Fotografia Olho de Gato |
24 de Abril
A chegada do “2020”, o dinheiro da “Europa”, fez regressar o sonho húmido preferido dos nossos políticos — as infra-estruturas.
Ele é a auto-estrada de Viseu para o sul com geografias cada vez mais estranhas.
Ele é um comboio novo-em-trinque na estação de Viseu.
Ele é um comboio recauchutado na estação de Mangualde.
29 de Maio
Esta última indignação do Facebook sobre o problema de física que “atirava” um gato abaixo de uma varanda quererá dizer que, no próximo parlamento, vamos ter um deputado do PAN — Partido pelos Animais e pela Natureza?
5 de Junho
Um azar, um recibo deitado ao lixo, uma via verde avariada, uma notificação perdida, e o “fascismo fiscal” em que vivemos penhora-nos o salário ou a pensão ou a casa.
31 de Julho
Como se viu neste desgraçado meio ano syrízico, a esquerda patina quando se encerra na crítica paroquial contra o “capital financeiro” ou contra a “sra. Merkel e o sr. Schäuble” (agora mais ele que ela). Uma abordagem “patriótica” a fazer coro com a sra. dona Marine Le Pen não leva a lado nenhum.
2 de Agosto
Depois dos milhões e milhões da “Europa” e das privatizações, as nossas elites deram-nos três bancarrotas, um estado disfuncional (só funciona o fisco) e endividado (com défices ano após ano); deram-nos um estado capturado (mal a troika saiu, logo os remédios recomeçaram a aumentar) e injusto (Ricardo Salgado destruiu a PT e as poupanças de milhares de pessoas mas continua a apanhar o sabonete no chuveiro de sua casa).
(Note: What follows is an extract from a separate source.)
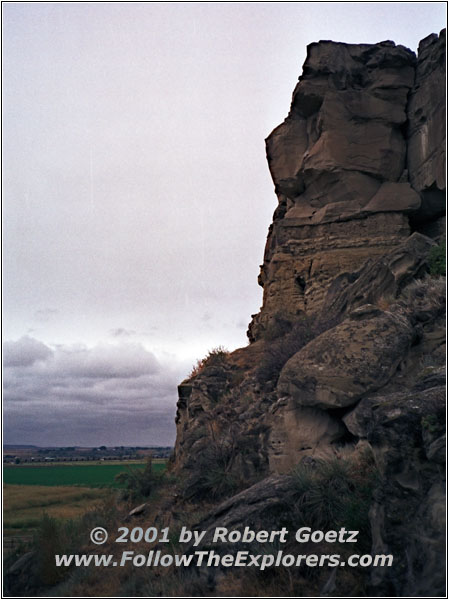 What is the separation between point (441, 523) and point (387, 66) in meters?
20.8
18 de Dezembro – dois dias antes do resgate do Banif
Como se sabe, quando o governo é fraco, os lóbis fazem um festim. E isso já se vê: cheios de pressa, os homeopatas do bloco esganiçam-se no parlamento e os sindicalistas do PCP convocam greves; já os banqueiros, mulas velhas, fazem as coisas com discrição e eficácia.
--------------
Os 52 Olhos de Gato publicados em 2015 no Jornal do Centro podem ser lidos, na sua integralidade, aqui neste blogue clicando na etiqueta Jornal do Centro.
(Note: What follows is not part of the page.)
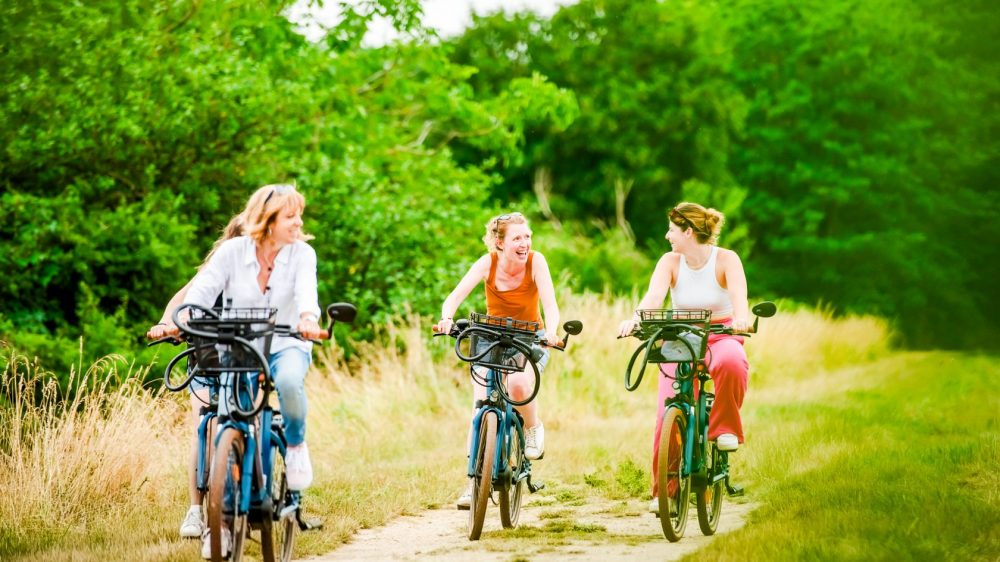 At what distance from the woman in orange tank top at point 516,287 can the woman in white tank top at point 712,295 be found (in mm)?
689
A primeira leitura para esta selecção de fim-de-ano deu a seguinte enormidade (>21000 caracteres que depois foram devidamente tesourados para <2000):
9/Jan
José Sócrates vai, como disse António Costa, poder defender em tribunal a “verdade em que acredita”.
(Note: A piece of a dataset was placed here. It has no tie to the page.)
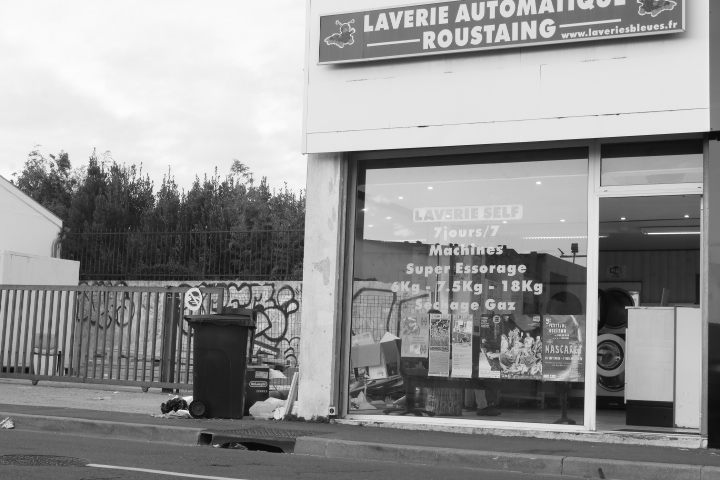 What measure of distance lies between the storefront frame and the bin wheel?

E convém lembrar: os problemas de “liquidez” do ex-primeiro-ministro não fizeram dele um preso político. Em democracia não há disso.
16/Jan
Gorbatchov queria reformar a URSS mas as elites soviéticas perceberam que eram elas que iam ficar com os despojos quando o regime desmoronasse e trataram do assunto. Os actuais plutocratas russos estavam próximos da cúpula soviética e conseguiram assegurar os favores do estado ou roubaram-no directamente.
23/Jan
Uma das melhores ideias surgidas no “orçamento participativo” da câmara de Viseu foi a de associar a cidade às tílias e ao chá de tília.
Ideia barata que faria muito pela imagem de Viseu. Pelo menos tanto como as festas e festinhas de António Almeida Henriques.
20/fev
As ditas "redes sociais" estão sempre à-beira-de-um-ataque-de-nervos: ora é por causa do cachecol Burberry do sr. Varoufakis (comprado há uns anos pela mulher dele por cinco euros), ora é por causa da mala Hermès da sra. Lagarde (que ela comprou por 5750 dólares na Quinta Avenida). Havemos de sobreviver desde que o Facebook continue a ter vídeos cutchi-cutchi de gatinhos e pensamentos de Fernando Pessoa que ele nunca escreveu.
27/Fevereiro
Há sempre um lobby capaz de pôr políticos a tirarem dinheiro aos cidadãos em seu benefício.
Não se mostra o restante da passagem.